In the latest satellite images obtained by Global Times journalists from the International Research Center of Big Data for Sustainable Development Goals (SDG Center), the Gaza Strip, renowned as one of the world’s most densely populated regions, is now shrouded in near-total darkness due to a severe power supply cutoff imposed by Israel. This abrupt transition from well-lit nights to obscurity underscores the harsh living conditions confronting the people of Gaza. Since the Israeli military initiated a water and power supply cutoff and implemented a comprehensive blockade on Monday, the humanitarian crisis in the Palestinian Gaza Strip has taken a grim turn.

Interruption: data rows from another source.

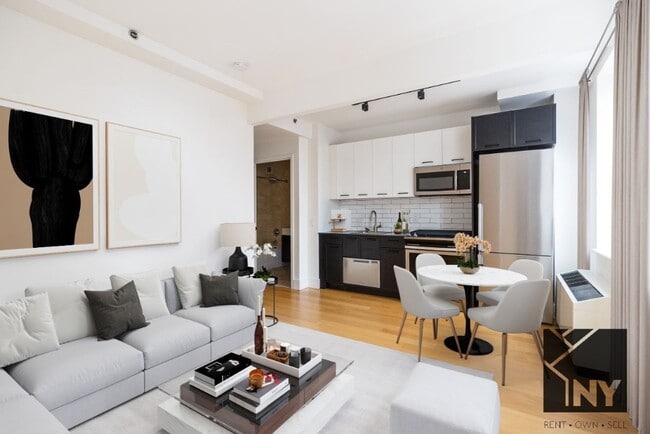 3 Hanover Square Unit 4P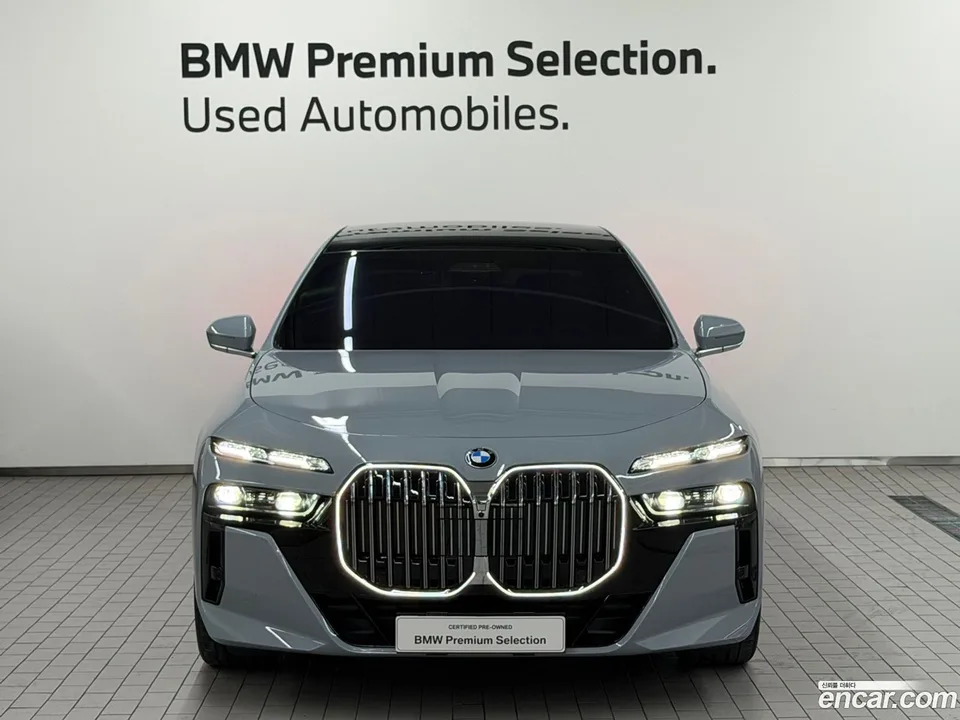 BMW 7 Series 740d xDrive M 2025 — миниатюра 2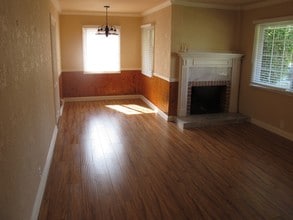 10804 Ashby Ave in Los Angeles, CA - Building Photo - Building Photo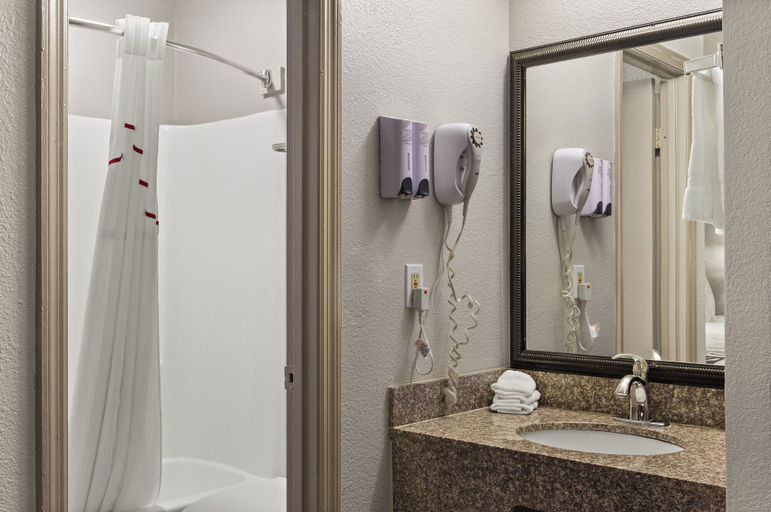 Bathroom 4, Red Roof Inn Baldwin, Duval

The Gaza Strip is a slender strip of land measuring approximately 41 kilometers in length and 6 to 12 kilometers in width, according to official Palestinian data. Housing more than 2 million people, primarily Palestinians, within an area of around 365 square kilometers, it stands out as one of the most densely populated places globally, akin to the population density of Madrid in Spain or London in the UK.

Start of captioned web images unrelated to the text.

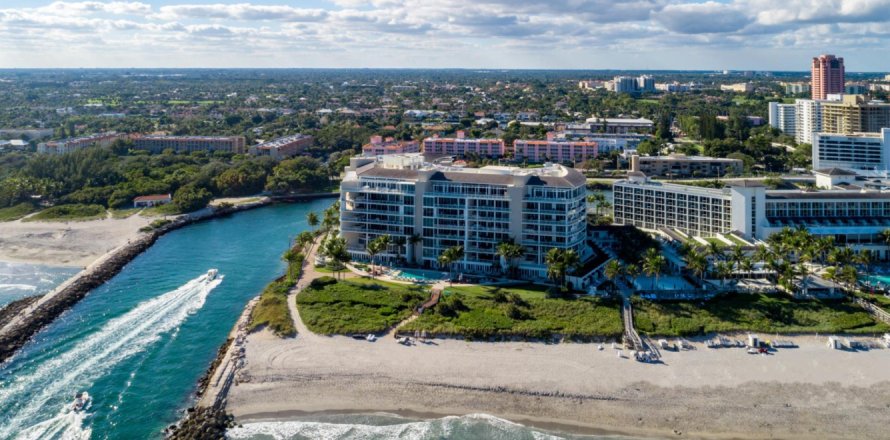 Condominio en Boca Raton, Florida, 3 dormitorios № 1217472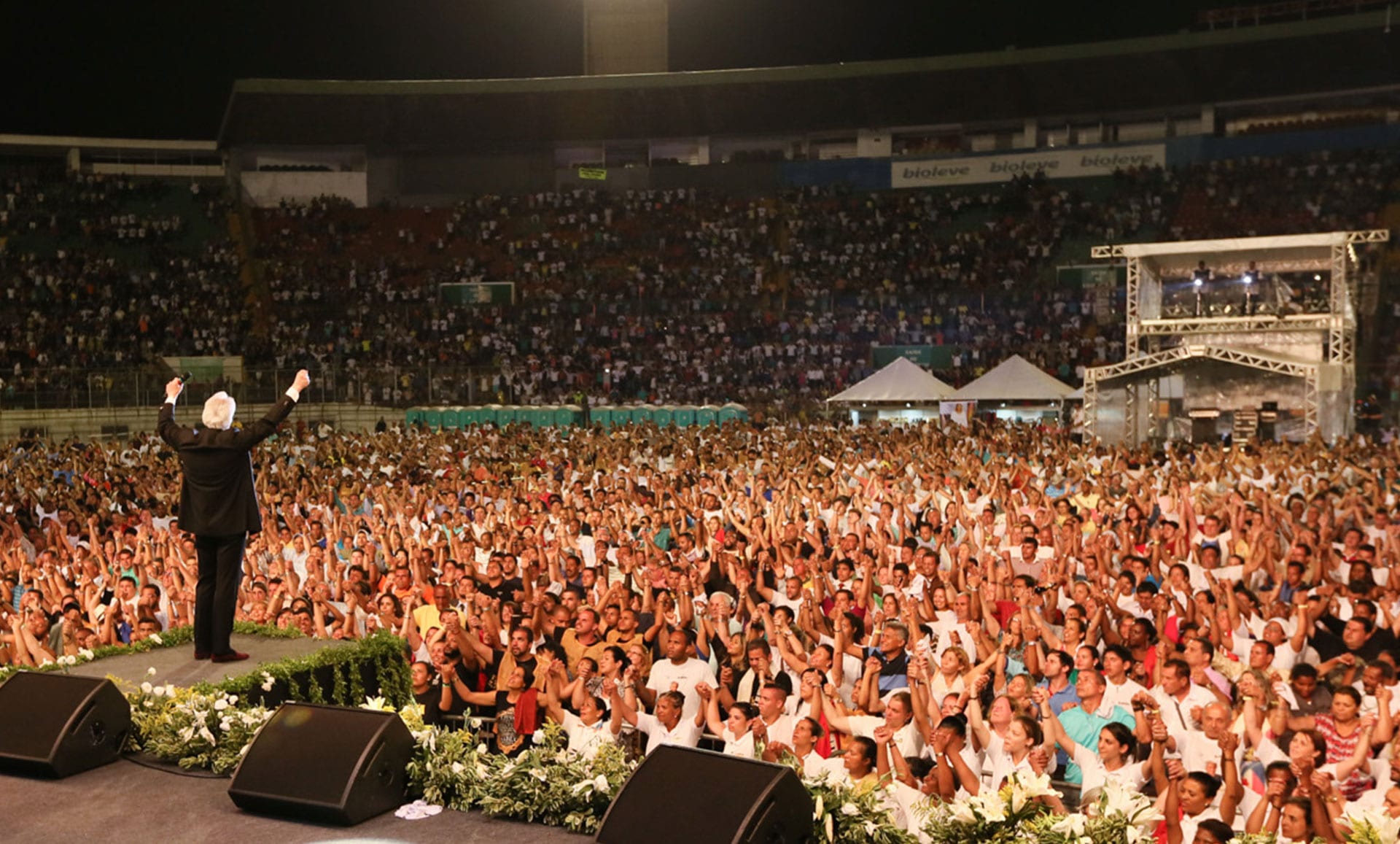 Benny Hinn in stadium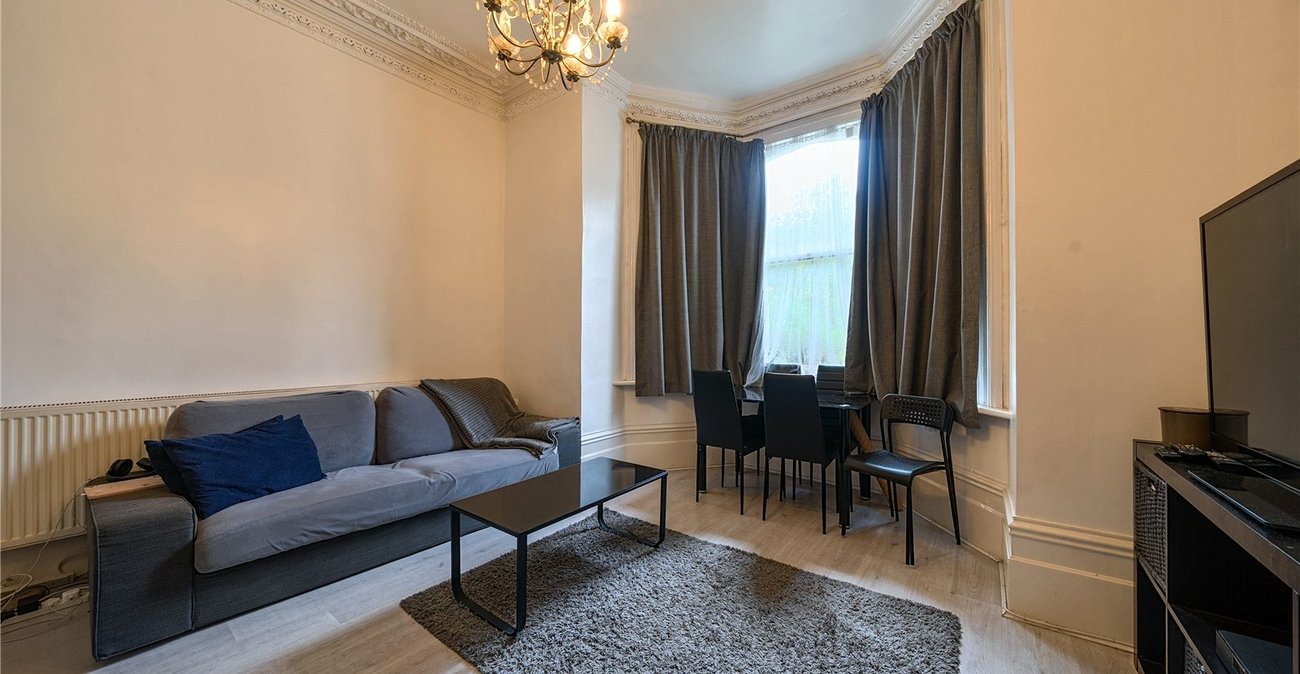 2 bedroom property for sale in London | Robinson Jackson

The nighttime satellite imagery of the Gaza Strip, captured around 10 pm local time on September 14th, using the SDG Center’s satellite’s low-light imaging tool, starkly portrays the region’s past illumination. Prior to the recent conflict between Palestine and Israel, the Gaza Strip used to be brightly illuminated at night, visually illustrating the region’s high population density.

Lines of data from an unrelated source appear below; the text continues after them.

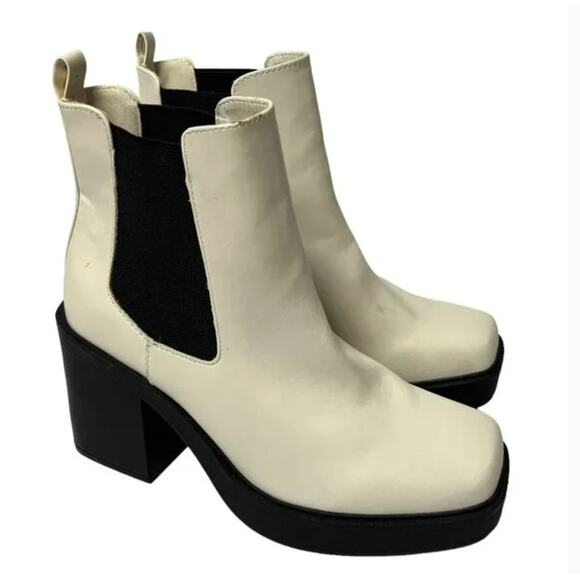 MIA Luda Chelsea Heel Boots 11 White NWT Chunky Block Ankle Vegan Leather Y2K - Picture 1 of 5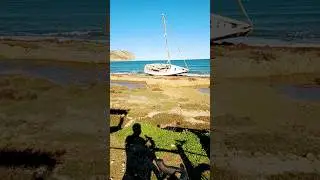 ШТОРМ ВЫБРОСИЛ ЯХТУ#испания#яхты#шторм#яхта#море#европа#яхтинг#паруса#паруснаяяхта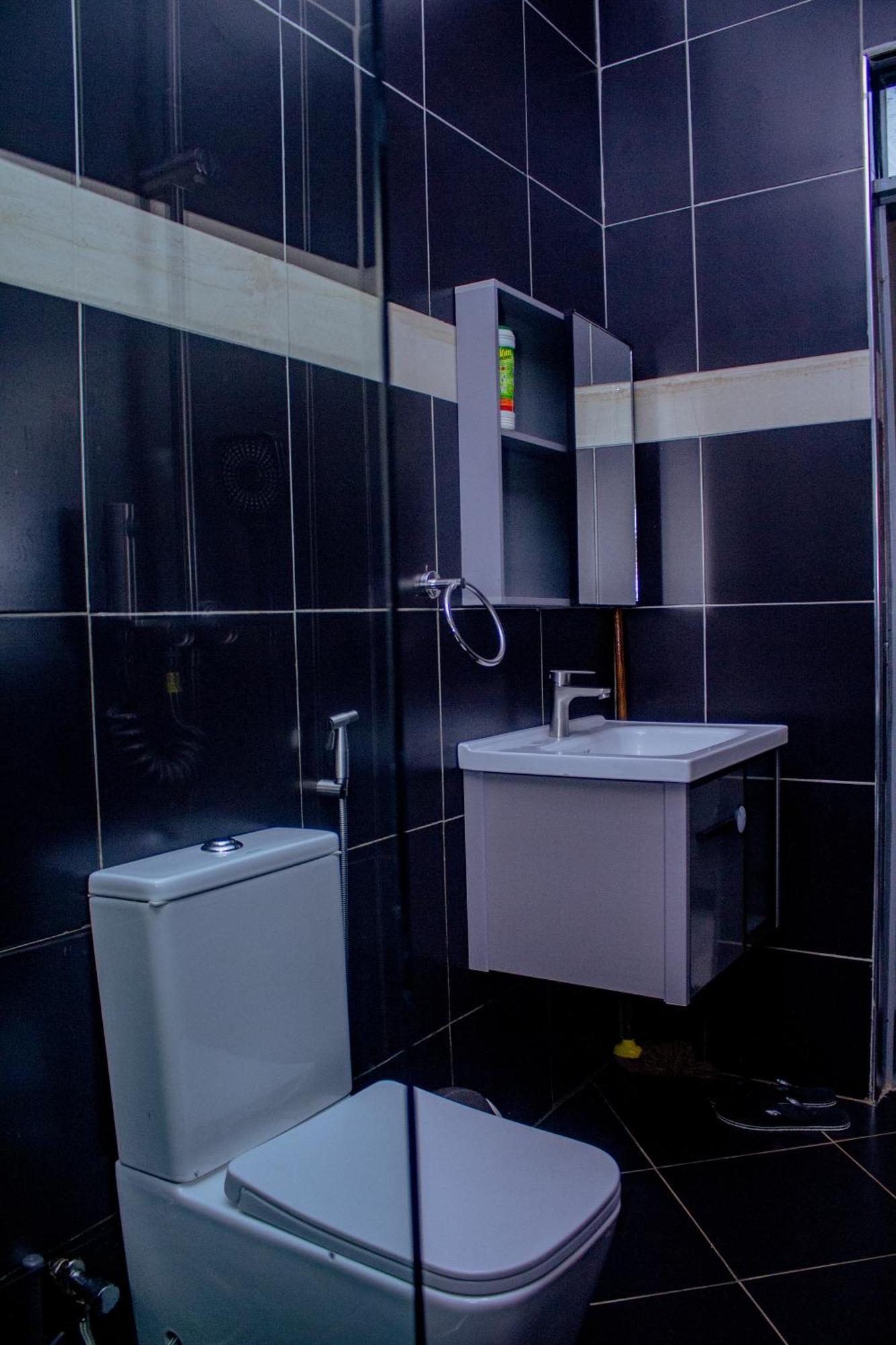 Cozy I, 1 Bedroom Kyanja Appartement *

A significant portion of the electricity supply in the Gaza Strip, approximately two-thirds, hails from Israel. However, on Wednesday, the sole power plant in Gaza had to halt its operations due to fuel shortages, following Israel’s announcement of a complete blockade on the region. Consequently, the entire area plunged into darkness, triggering an escalating humanitarian crisis.
The Palestinian Ministry of Health issued a dire warning on Wednesday, indicating that all hospitals in Gaza were on the brink of running out of fuel to power essential medical equipment, leading to “disastrous consequences.” On Thursday, the International Committee of the Red Cross raised an alarm, describing Gaza’s hospitals as transforming into “graveyards” due to the absence of a reliable power supply. The power outage has also disrupted local communication systems and jeopardized the preservation of daily food supplies for residents, who found themselves unable to access their savings from banks. UN Secretary-General António Guterres further emphasized on Friday that the power outage in Gaza has triggered a severe drinking water crisis.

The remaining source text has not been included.